This blog is in reaction to a lecture given by UBC’s Dr. Kai Chan on “Tapping into what matter: Relational values and policy mixes for sustainability”. Dr. Chan is affiliated with UBC’s Institute for Resources, Environment and Sustainability and is a visiting professor at uOttawa working towards mainstreaming biodiversity and sustainability in decision-making within the public and private sector. As a Master’s in Environmental Sustainability student, I had the pleasure of introducing Dr. Chan’s lecture highlighting the importance of using relational values in decision-making.
Most solutions to addressing the wicked problems related to sustainability have been “band-aid” solutions that do not take a broader systems perspective in order to create effective environmental change. Policymakers and researchers often make assumptions about what motivates people, and the interventions that are necessary to guide them in to making more sustainable choices. Our current economic system is designed to favour instrumental values or unsuccessfully attempts to appeal to intrinsic values through political and legal instruments. The resulting solutions, thus far, have been siloed and do not consider that many people derive their identities from their positive relationships with nature.
As a result, we need to intentionally foster the relational values that promote stewardship and shared responsibility.
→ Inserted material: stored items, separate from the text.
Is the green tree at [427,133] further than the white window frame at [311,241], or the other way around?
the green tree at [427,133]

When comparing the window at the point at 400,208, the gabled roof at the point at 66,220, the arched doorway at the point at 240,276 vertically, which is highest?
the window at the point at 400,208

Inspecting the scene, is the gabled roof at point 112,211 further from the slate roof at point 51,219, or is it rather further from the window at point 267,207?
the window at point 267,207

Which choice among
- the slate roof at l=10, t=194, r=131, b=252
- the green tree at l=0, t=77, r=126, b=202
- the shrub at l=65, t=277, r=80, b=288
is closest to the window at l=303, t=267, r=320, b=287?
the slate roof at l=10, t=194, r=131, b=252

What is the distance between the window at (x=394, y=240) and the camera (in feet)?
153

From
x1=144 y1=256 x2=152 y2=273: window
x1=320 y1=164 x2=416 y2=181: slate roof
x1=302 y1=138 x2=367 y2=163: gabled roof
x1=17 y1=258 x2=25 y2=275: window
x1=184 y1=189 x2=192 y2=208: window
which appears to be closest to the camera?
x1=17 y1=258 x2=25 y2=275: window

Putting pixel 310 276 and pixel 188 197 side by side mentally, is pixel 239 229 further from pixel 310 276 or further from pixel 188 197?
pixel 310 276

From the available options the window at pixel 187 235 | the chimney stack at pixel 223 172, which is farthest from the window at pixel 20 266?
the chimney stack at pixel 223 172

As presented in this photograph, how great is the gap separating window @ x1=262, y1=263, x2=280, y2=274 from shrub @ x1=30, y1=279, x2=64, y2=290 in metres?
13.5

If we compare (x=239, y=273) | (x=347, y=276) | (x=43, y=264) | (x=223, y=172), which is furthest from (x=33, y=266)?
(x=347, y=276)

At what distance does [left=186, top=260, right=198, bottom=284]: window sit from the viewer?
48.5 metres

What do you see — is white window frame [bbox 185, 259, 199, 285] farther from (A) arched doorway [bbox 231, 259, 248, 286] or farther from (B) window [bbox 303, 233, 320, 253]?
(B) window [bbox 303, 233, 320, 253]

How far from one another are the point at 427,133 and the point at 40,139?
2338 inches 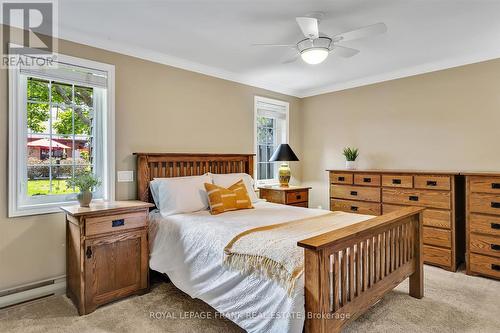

Traditional environmental philosophy deals with two categories of environmental values: intrinsic and instrumental. These values are usually dichotomized as either environmentalists wanting to preserve the environment for nature's sake because it has intrinsic value, or corporate entities who want to do the same but for humans' sake. These two views are irreconcilable without talking about relational values.
The concept of relational values, championed by Dr. Chan, addresses this fundamental missing piece from sustainability solutions. Relational values reflect consumer preferences, principles and virtues associated with relationships in the choices they make to lead to a good life. If consumers made choices that reflect their values and appeal to their identities as responsible stewards, environmental degradation could be reduced. However, current market and governance structures do not provide these choices to consumers.
Mainstream market solutions (e.g. green certifications) may provide the destination, but the journey is left to individuals who have minimal guidance in who to make choices that lead to desirable futures. If we want to create systematic change that moves towards untangling these wicked problems, we need to question how relational values are being accounted for in the sustainability equation. For example, carbon pricing is a blanket market solution that does not account for the different values of people and divides, rather than unites consumers. While it is a disincentive to emit carbon, it does not introduce meaning in consumer’s lives based on their preferences, principles and virtues, which would result in stronger human-environment relationships and further motivate consumer efforts toward conservation.
Factoring in relational values can create innovative solutions that consumers are willing to pay for. For example, Dr. Chan’s initiative to create a “supply chain of virtue” provides consumers with the choice to pay for companies to reduce their environmental impacts when buying products that cause environmental harm in their production. Acknowledging consumers as agents of change rather than an additional zero on the bottom line, can radically transform market solutions to sustainability.
Ultimately, we must create conditions where individuals can trust that businesses and institutions are taking steps to effectively address environmental concerns in a manner that appeals to relational values and benefits the bottom line, while sustaining our way of life for future generations.
By Isha Mistry - Master’s in Environmental Sustainability student at the Institute of the Environment.